Ospreay is still young, five years after his first match in PROGRESS, but I can see in his recent work how he’s changing his character according to environment and story progression. In New Japan Pro Wrestling he has been re-fashioned into Kazuchika Okada’s young English protege, so he attempts to copy Okada’s moves, though with less success (after all, he is still just the student). In February 2017, he got a big opportunity against Katsuyori Shibata who held the RevPro British Heavyweight Championship at the time, and even in loss, the experience shaped him so much he adopted Shibata’s corner dropkick in tribute to the man. In his match series against KUSHIDA, Ospreay was dumb and unprepared at first, then slowly he became smarter and more prepared for KUSHIDA’s offence. He began having answers for KUSHIDA’s attacks, he was smarter now, but it took just that extra bit of tenacity to actually win, and so it was only in their 5th match that he could finally put the Junior Heavyweight Champion away and capture that title.

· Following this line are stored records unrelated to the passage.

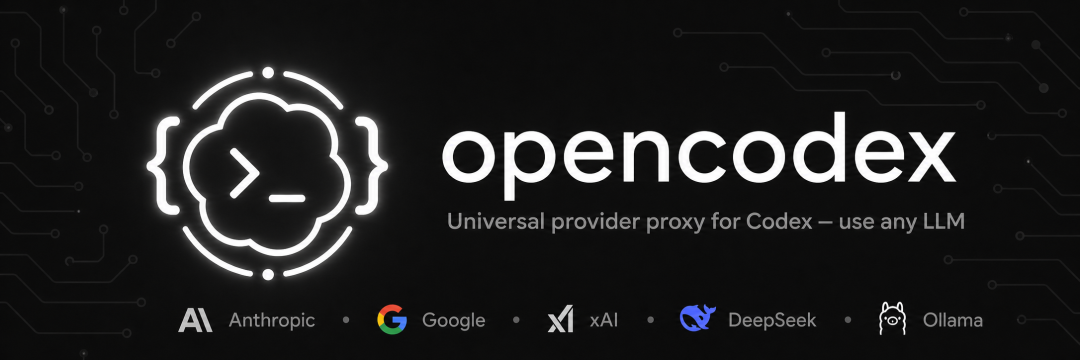 OpenCodex 官方封面：让 Codex 接入任意 LLM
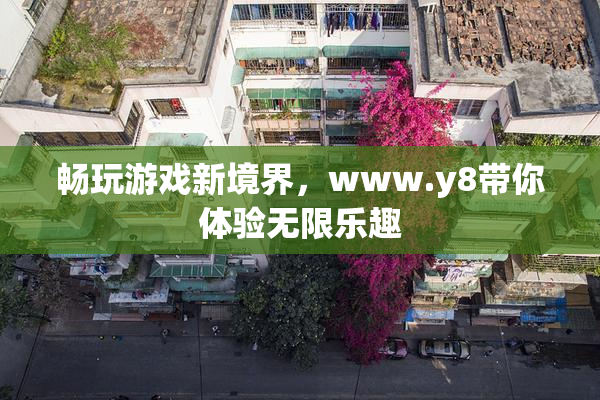 畅玩游戏新境界，www.y8带你体验无限乐趣
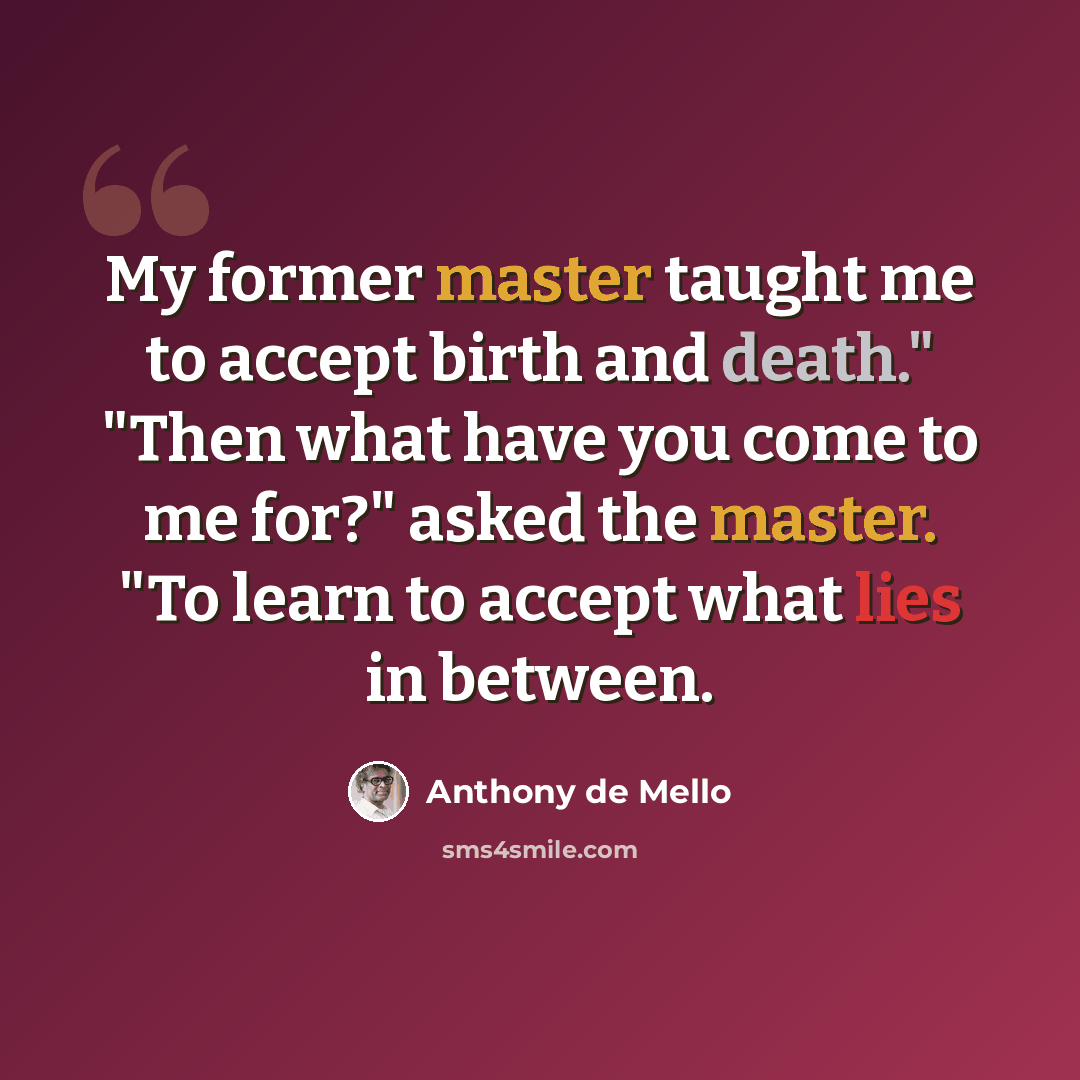 “My former master taught me to accept birth and death." "Then what have you come to me for?" asked the master. "To learn to accept what lies in between.” quote by Anthony de Mello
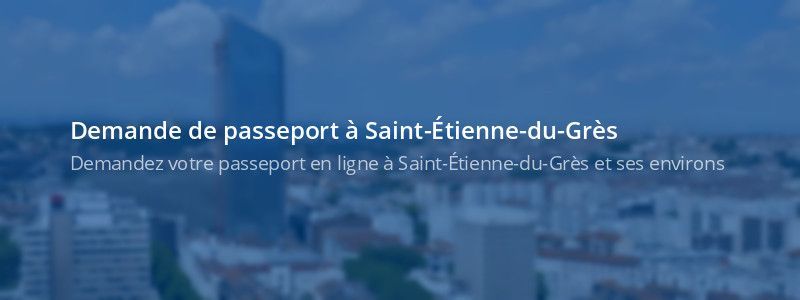 Service passeport Saint-Étienne-du-Grès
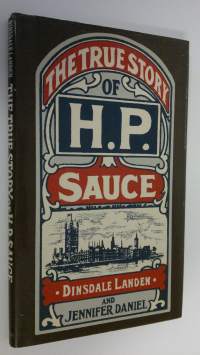The true story of H. P. Sauce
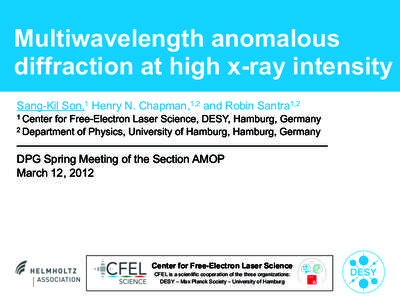 Diffraction / Particle physics / DESY / Education in Hamburg / X-ray crystallography / Free-electron laser / Electron / X-ray / Laser / Physics / Crystallography / Quantum electrodynamics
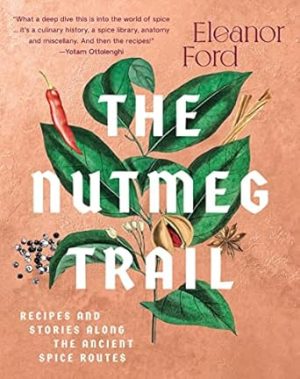 The Nutmeg Trail: Recipes and Stories Along the Ancient Spice Routes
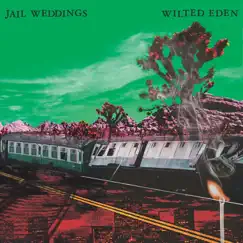Wilted Eden by Jail Weddings album reviews, ratings, credits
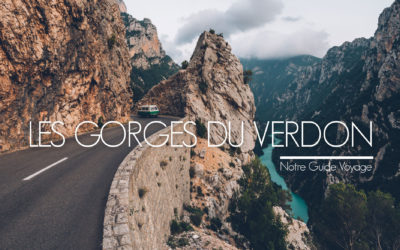 VISITER LES GORGES DU VERDON, NOTRE GUIDE PRATIQUE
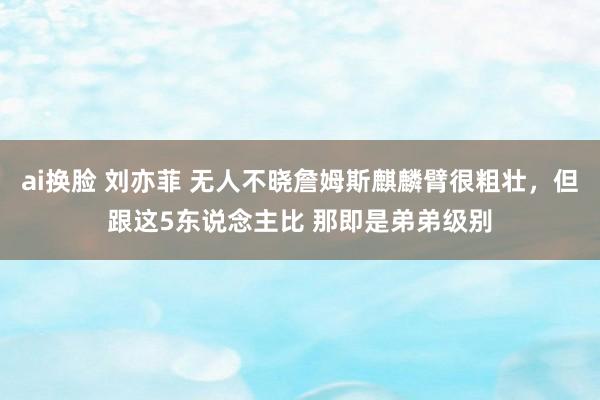 ai换脸 刘亦菲 无人不晓詹姆斯麒麟臂很粗壮，但跟这5东说念主比 那即是弟弟级别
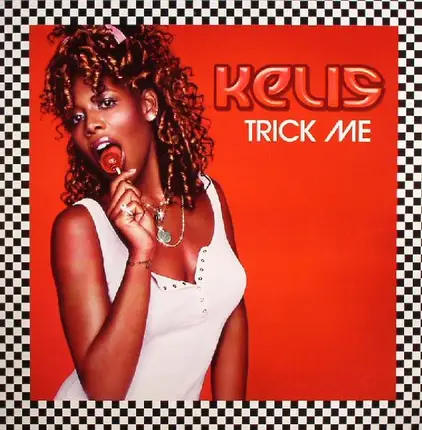 Kelis - Trick Me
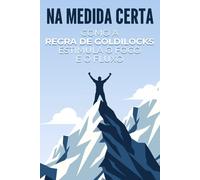 Na medida certa: Como a regra de Goldilocks estimula o foco e o fluxo
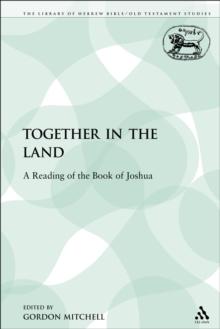 Together in the Land : A Reading of the Book of Joshua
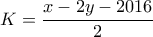 \displaystyle{K=\frac{x-2y-2016}{2}} \displaystyle{K=\frac{x-2y-2016}{2}}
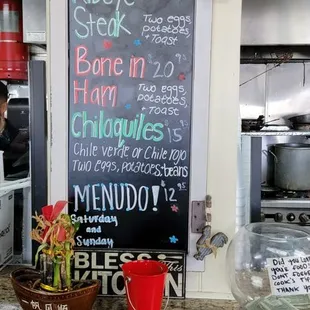 Chilaquiles and menudo.   These are not on the menu. Look or ask for them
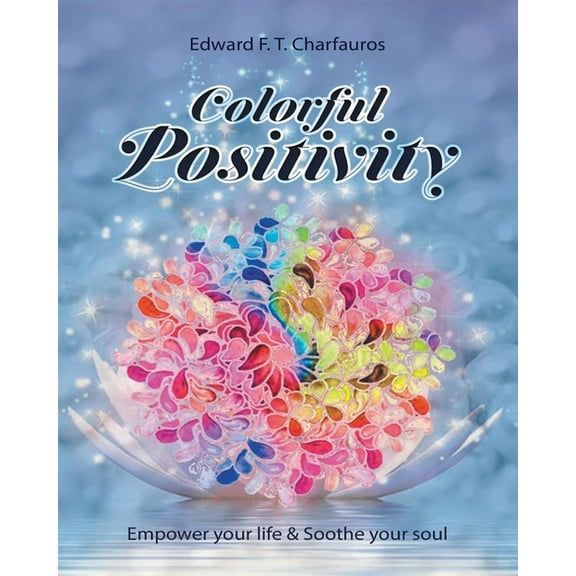 Colorful Positivity: Empower your life & Soothe your soul, (Paperback)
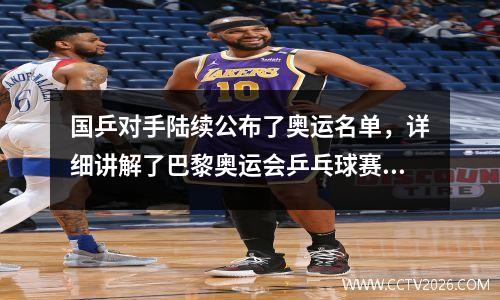 国乒对手陆续公布了奥运名单，详细讲解了巴黎奥运会乒乓球赛制和名额规则。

He consistently puts these kinds of small, intelligent touches into his matches, and it’s honestly so satisfying to watch. His current work is different from his work in PROGRESS, because the environment is different. PROGRESS is about dramatic post-match angles, chapter-to-chapter storytelling and characters who feel real but can also be over-the-top (Havoc playing with blood splatter comes to mind). In this environment, Ospreay’s character changes are bigger, but not lacking in sublety. In New Japan, in-ring is everything, so every character progression is communicated between the ropes. Ospreay gets that, and has adapted his way of adapting and changing his character accordingly.

How should a wrestler be changed by a match? My answer would be simply: as they see themselves see fit. Pro wrestling is built on intangibles. You can measure fan reactions by decibels but only the wrestler can know what it feels like to manipulate the reaction to a desired effect, and they themselves can easily judge whether a move, a gesture, or a catch phrase is going to work in the long run or ready to scrapped immediately. Innovation is important, but the change also needs to make sense for the fans. Not every match is steeped in importance and stakes, just like not every feud needs to dramatically alter a character.

Context is everything, too. If a promotion does big characters, over-the-top angles and thrives on the soap qualities of wrestling, then the changes a character goes through ought to reflect that style. If the promotion is more keen on being grounded in reality, then the changes ought to be more subtle.

Whether big or small, I think changes are important because wrestling fans are desperate to get invested in something. Things in a vacuum can still be good, a good match or a talented performer can wow you even if you’ve never seen them before or will never see them again, but the difference to seeing something play out over time is infinitely more satisfying. It takes a little thought and often a lot of co-operation between wrestlers and the promotion they are working with, but when these things click into place, you can create some magical things.

And if you still think Will Ospreay has no grasp of psychology, you’re lost.